Dopamine if the fuel of capitalism, even illegal capitalism, like the drug trade. This is not dismissive of capitalism, it is just a truth. The only thing that changed is that humanity has found a newer, stronger way to milk dopamine out of the human brain.

[1] https://www.sciencedirect.com/science/chapter/edited-volume/...


I'm not sure it's entirely similar to what you mentioned, but I too remember the sensation of focus, that I'm struggling to get these days. I started to realize this after the web2.0 era.. thinking that ajax infused web apps would allow for better communication and thinking but it mostly unleashed noise, and whenever I run into old, limited forms of communication, i get the sense of value and focus back. Only the things that matter gets to your attention, and it reaches deeper and faster.


Maybe we're memorising different things.
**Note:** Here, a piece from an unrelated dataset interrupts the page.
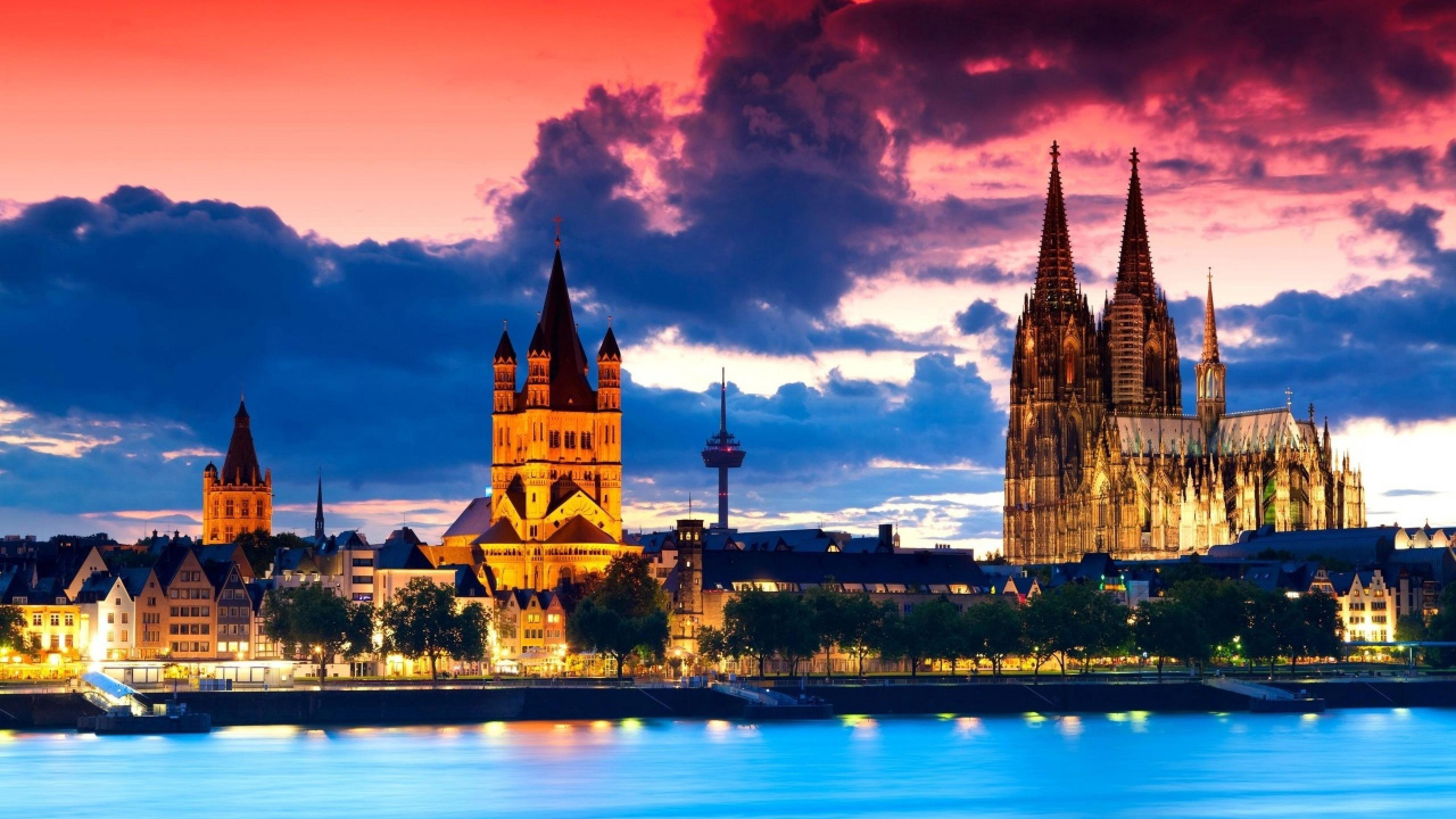 Cologne Cathedral 4k Wallpaper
On this site it will be remembering where different settings are found in different software tools, or the map of languages to libraries to functions.


Gwern's writing on working memory might also interest you

https://gwern.net/dnb-faq


I’m in my thirties. I have to mail books around the world and country because so few of my friends read. (It’s worst in the 50+ cohort.)


I've taken to audio books over reading, not sure how this will affect me but I do enjoy them.


Likely both, the phone acts as an easy access point to social media, making the two a mentally lethal cocktail.